As per the amendment, liquidation value can now be disclosed to the Committee of Creditors on a confidential basis only after resolution plans have been submitted.

According to Pandey, the other benefit of this change in regulation will be in how financial creditors respond to resolution plans. He explained that the disclosure of a low liquidation value in the memorandum could prompt dissenting financial creditors to approve just about any resolution plan. Going forward, since they won’t be privy to this information, financial creditors will adopt a more holistic approach while assessing resolution plans, Pandey said.

Besides a change in the disclosure of liquidation value, regulations have also been amended to clarify the definition of a dissenting financial creditor.
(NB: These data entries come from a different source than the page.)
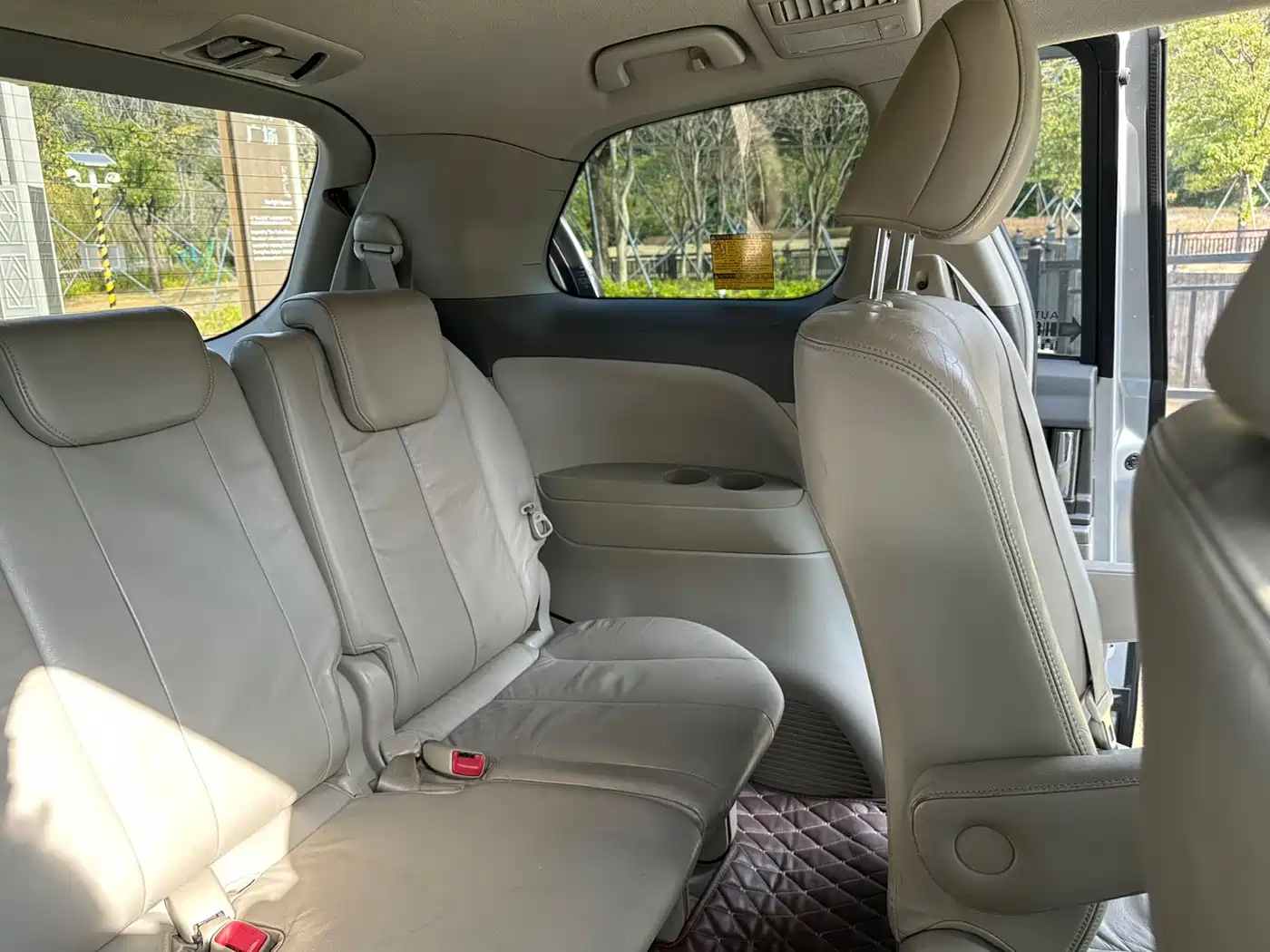 Toyota Previa 2006 Model 2.4L 7-Seater Luxury Edition фото 9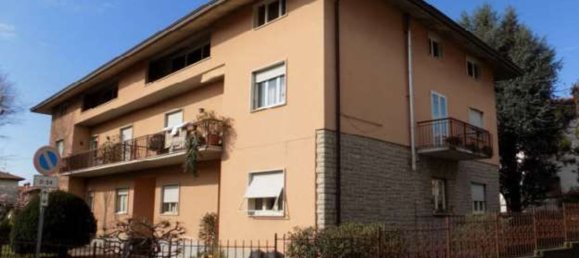 Здание 129м² в Альменно Сан Сальваторе, Италия № 185720 2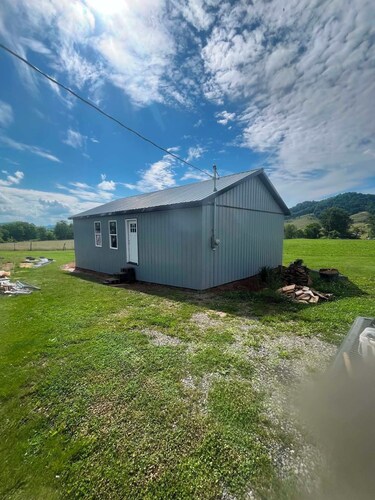 Cozy 2-bedroom house in adorable Surgoinsville with AC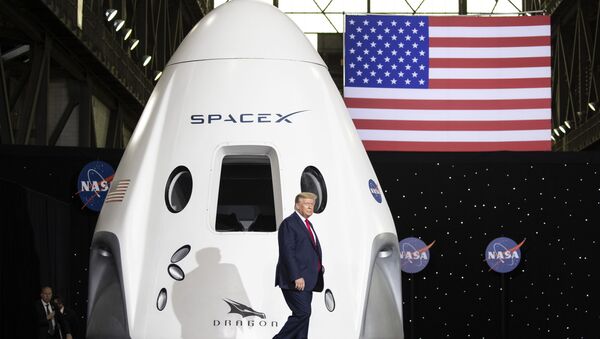Donald Tramp u svemirskom centru Kenedi na Floridi. - Sputnik Srbija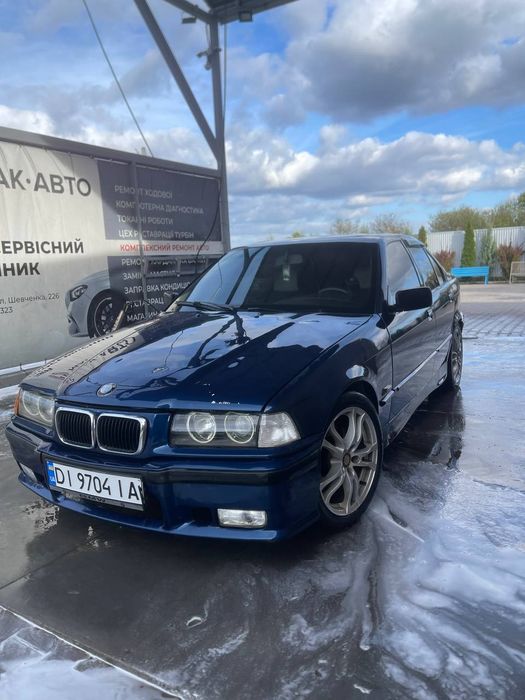 Продам. BMW e36.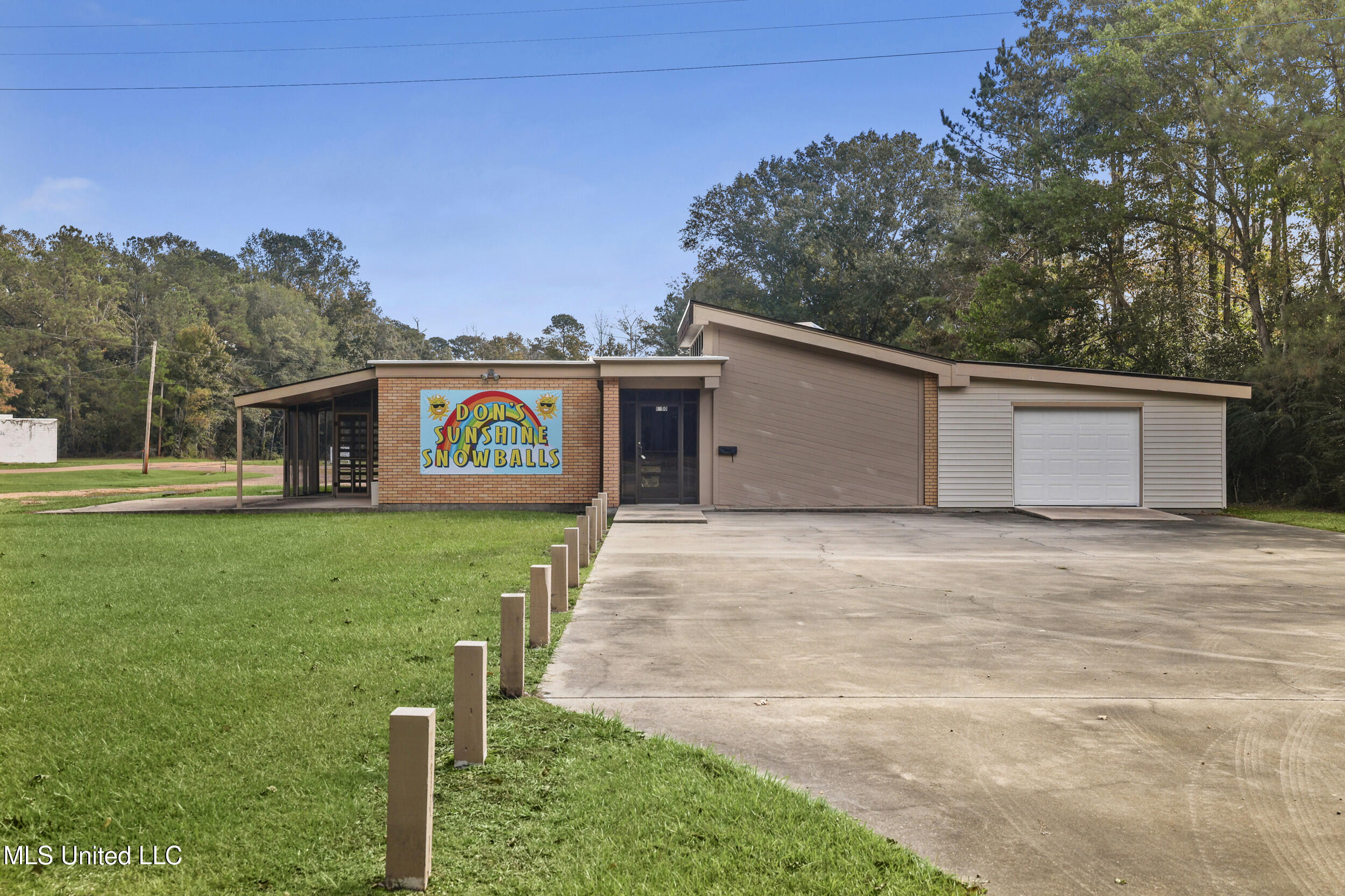 1350 N Clark Avenue Property Photo 1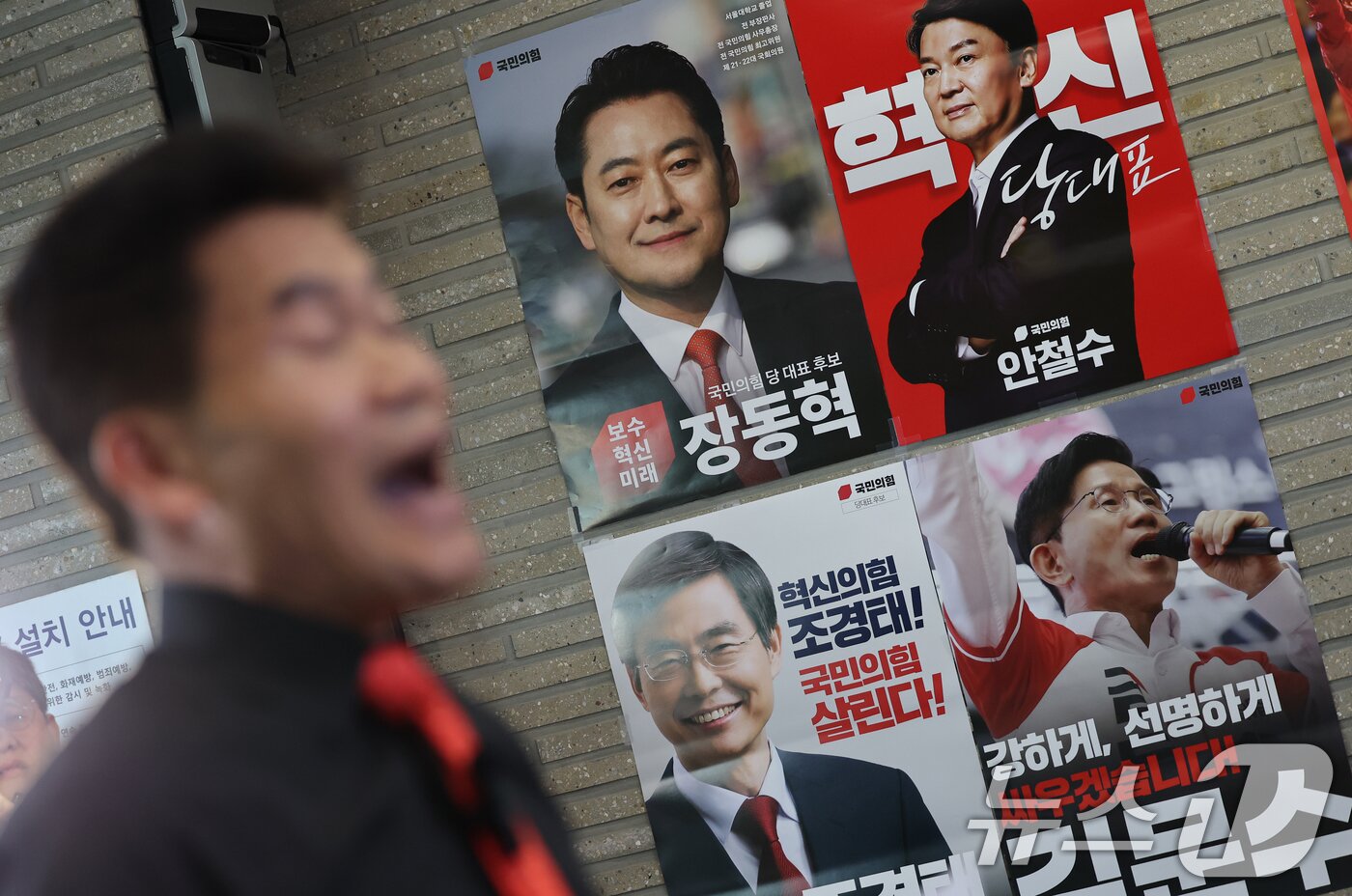 본문 이미지 - 국민의힘 전당대회 합동연설회 야유 사태를 일으킨 전한길 씨가 11일 오후 서울 여의도 국민의힘 당사에서 최고위원 선거에 출마한 김근식 후보에 대한 징계 요구서를 제출하며 입장을 밝히고 있다. 2025.8.11/뉴스1 ⓒ News1 오대일 기자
Earlier, it was not clear if a dissenting financial creditor would also include those creditors who abstained from voting on a resolution plan. The amended regulations clarify that this category would qualify as a dissenting financial creditor.

Now, if a financial creditor abstains from voting on a resolution plan it will be counted as a no, Desai explained.

This has two benefits - it makes the voting count clear as opposed to leaving it open to interpretation. And two, there was some controversy as to if I merely abstain and I don’t say no to a resolution plan, do I then get the liquidation value? The change in definition makes it clear that this category will get the liquidation value.
Nilang Desai, Partner, AZB

The dissenting financial creditors are promised liquidation value due to them and the law requires resolution plans to identify specific sources of funds for this purpose. This liquidation value, due to dissenting financial creditors, has to paid before any recoveries are made by the financial creditors who voted in favour of the resolution plan.